The Fund for a Better Waterfront (FBW) has promised to mount a legal challenge to this project. According to Ron Hine, FBW’s Executive Director, the garage will require major zoning variances for open space, lot coverage and building length. Hine also stated, “This four-story parking garage will put a bleak face on the waterfront and force all its traffic to spill onto Sinatra Drive intended to be part of a pedestrian-friendly waterfront.” The Hoboken zoning regulations currently prohibit exposed parking facilities and garage entrances facing Sinatra Drive and the waterfront at the south and north ends of town.
On July 16, Planning Board Attorney Douglas Bern wrote to the Hoboken Mayor and City Council asking them to review the permit granted to Stevens for this work. The Planning Board has examined their own files and those of the Hoboken Building Inspector. The Board determined that they had not authorized through their approval process any of this work, excepting the School of Technology Management, also known as the Babbio Center, at Sixth and River Streets with a surface parking lot for 105 cars. Thus far, the Mayor and Council have failed to respond to the Planning Board.

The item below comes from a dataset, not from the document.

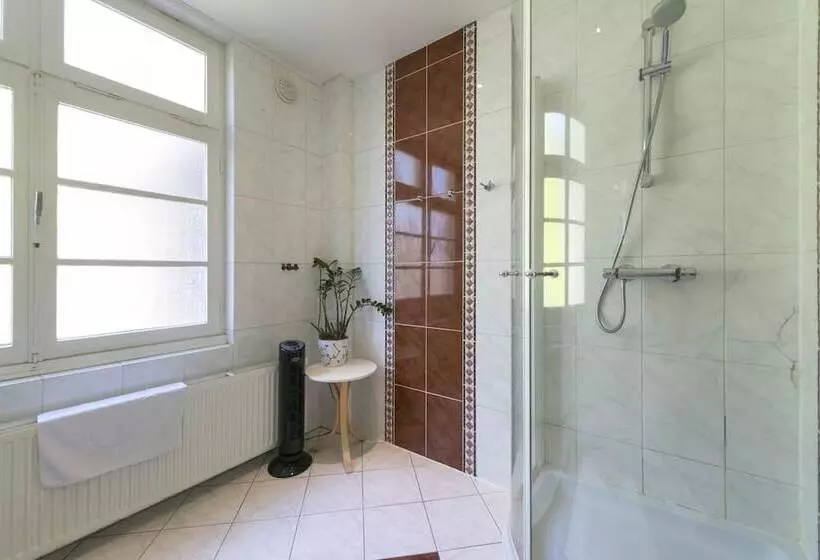 اتاق استاندارد با سرویس بهداشتی مشترک, B&b De Hofnar Maastricht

A month after Stevens began the blasting and excavation of the serpentine rock, FBW discovered that the rock contained asbestos. A complaint was filed with the Hoboken Board of Health. Later, FBW found that the contractor was illegally dumping this hazardous material in the Meadowlands in Carlstadt, New Jersey. The New Jersey Meadowlands Commission ordered the contractor to cease and desist the dumping. After a delay of a number of weeks, trucks then began hauling the remainder of an estimated 40,000 cubic yards of contaminated rock to Linden, New Jersey. Tests conducted by the Meadowlands Commission found high levels of asbestos in several samples, including actinolite asbestos, a potent carcinogen. Throughout this operation, Stevens Institute maintained that the rock contained only trace amounts of asbestos and that no health hazard had been posed. Stevens Institute, through one of their attorneys, wrote to a number of foundations that have been providing financial support to FBW threatening to sue FBW for libel regarding the asbestos issue.

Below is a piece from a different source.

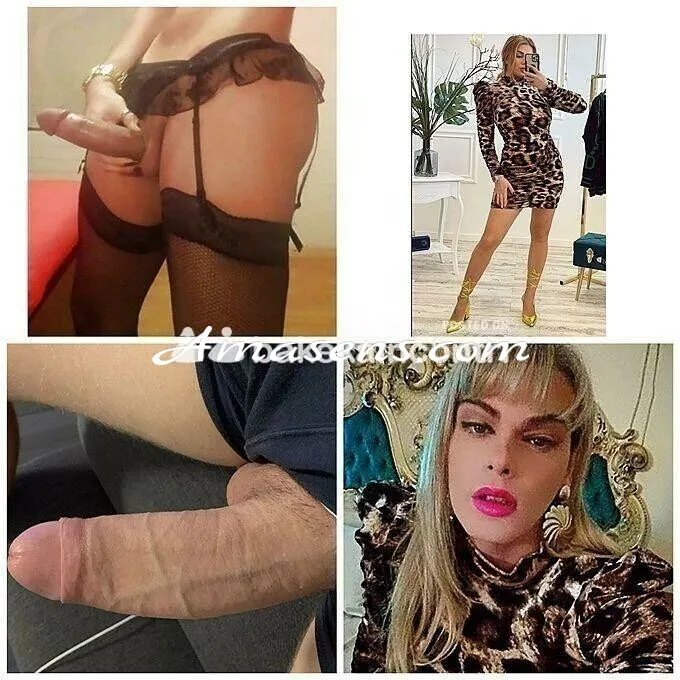 Gattina Nuova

FBW has hired Stuart Koenig of Stickel Koenig & Sullivan in Cedar Grove, New Jersey to represent them before the Hoboken Planning Board regarding the garage application. Earlier this year, FBW contracted with their urban planner, Craig Whitaker to draw up plans regarding this area from Fourth to Twelfth Streets along Sinatra Drive. These plans called for a smaller garage enclosed behind academic and research facilities that would provide an opportunity to erect agreeable architecture facing the waterfront. These plans also called for narrowing Sinatra Drive, thus making it more pedestrian friendly and allowing the opportunity to continue the rows of London Plane trees at Hoboken’s south waterfront through Sinatra and Castle Point Parks. And the missing link of the waterfront park would be completed between these two parks on land owned by Stevens Institute of Technology. Both Stevens and the City rejected these proposals.